The answer must consist of each line below that contains the word "about", copied in full.

→ **Data for this exercise**
* * *
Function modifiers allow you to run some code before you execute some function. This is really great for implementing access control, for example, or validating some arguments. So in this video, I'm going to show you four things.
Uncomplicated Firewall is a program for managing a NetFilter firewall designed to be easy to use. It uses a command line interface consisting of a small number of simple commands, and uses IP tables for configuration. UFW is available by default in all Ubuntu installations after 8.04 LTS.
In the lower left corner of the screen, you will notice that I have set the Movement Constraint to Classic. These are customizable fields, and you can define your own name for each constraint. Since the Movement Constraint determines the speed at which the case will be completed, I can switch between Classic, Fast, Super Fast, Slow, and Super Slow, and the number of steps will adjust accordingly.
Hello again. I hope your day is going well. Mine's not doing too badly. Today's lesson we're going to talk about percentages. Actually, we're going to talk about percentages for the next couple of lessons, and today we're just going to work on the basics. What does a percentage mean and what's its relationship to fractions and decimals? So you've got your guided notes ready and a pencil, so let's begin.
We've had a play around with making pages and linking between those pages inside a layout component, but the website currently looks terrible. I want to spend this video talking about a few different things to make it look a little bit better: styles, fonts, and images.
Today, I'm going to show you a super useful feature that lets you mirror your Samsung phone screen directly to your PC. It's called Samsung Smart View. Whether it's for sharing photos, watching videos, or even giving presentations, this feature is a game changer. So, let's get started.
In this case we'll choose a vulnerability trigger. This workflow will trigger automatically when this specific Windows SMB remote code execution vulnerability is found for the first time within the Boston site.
* * *
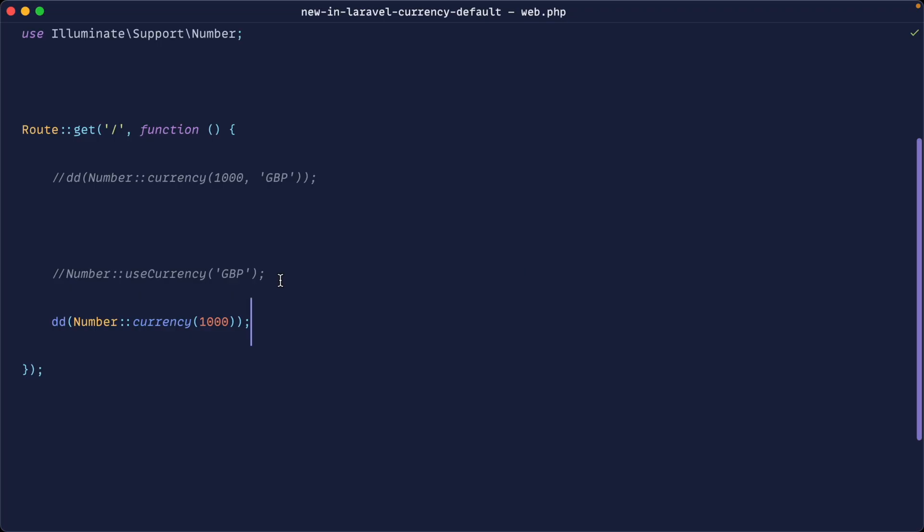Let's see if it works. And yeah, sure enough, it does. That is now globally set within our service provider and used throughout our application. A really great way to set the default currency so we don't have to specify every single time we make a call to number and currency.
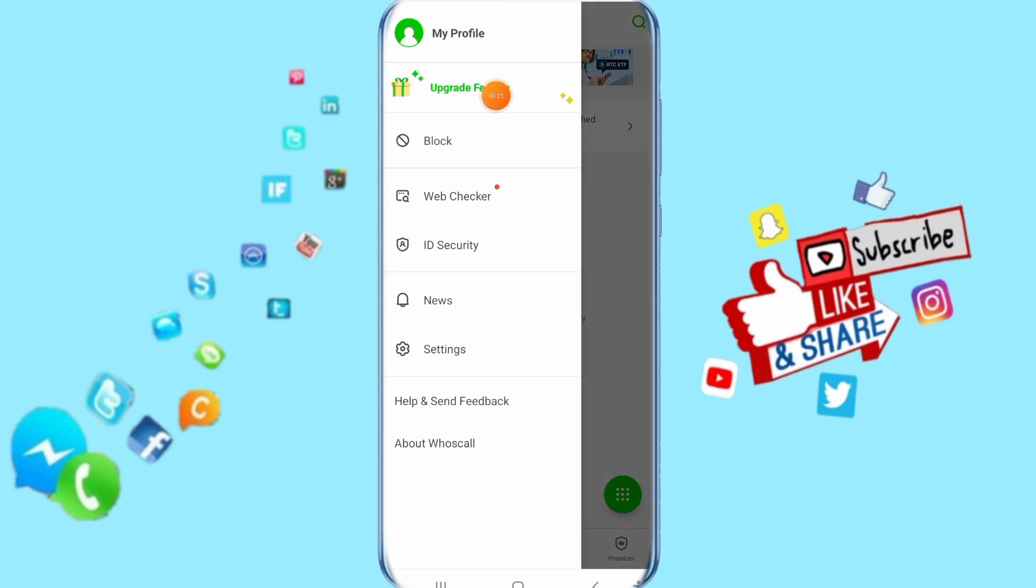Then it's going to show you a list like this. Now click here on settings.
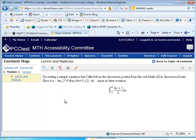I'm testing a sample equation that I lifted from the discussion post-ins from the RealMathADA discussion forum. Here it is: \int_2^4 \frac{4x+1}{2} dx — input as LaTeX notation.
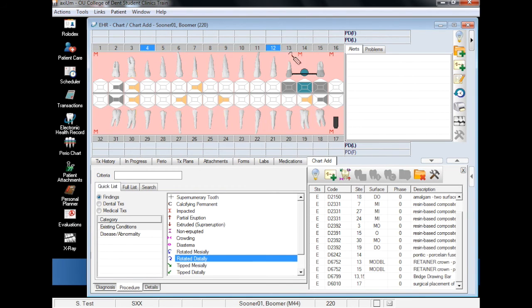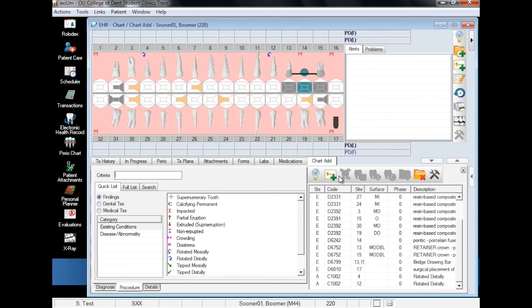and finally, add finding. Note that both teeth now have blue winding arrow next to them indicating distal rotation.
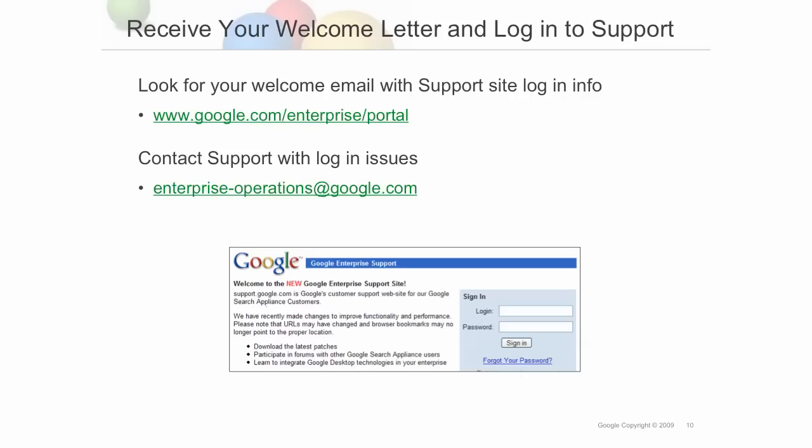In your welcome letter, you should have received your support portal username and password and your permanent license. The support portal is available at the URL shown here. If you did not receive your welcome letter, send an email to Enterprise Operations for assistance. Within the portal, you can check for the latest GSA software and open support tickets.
* * *
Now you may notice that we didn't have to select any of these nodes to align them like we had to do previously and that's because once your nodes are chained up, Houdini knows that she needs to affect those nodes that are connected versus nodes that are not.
* * *
→ **Answer**
Hello again. I hope your day is going well. Mine's not doing too badly. Today's lesson we're going to talk about percentages. Actually, we're going to talk about percentages for the next couple of lessons, and today we're just going to work on the basics. What does a percentage mean and what's its relationship to fractions and decimals? So you've got your guided notes ready and a pencil, so let's begin.
We've had a play around with making pages and linking between those pages inside a layout component, but the website currently looks terrible. I want to spend this video talking about a few different things to make it look a little bit better: styles, fonts, and images.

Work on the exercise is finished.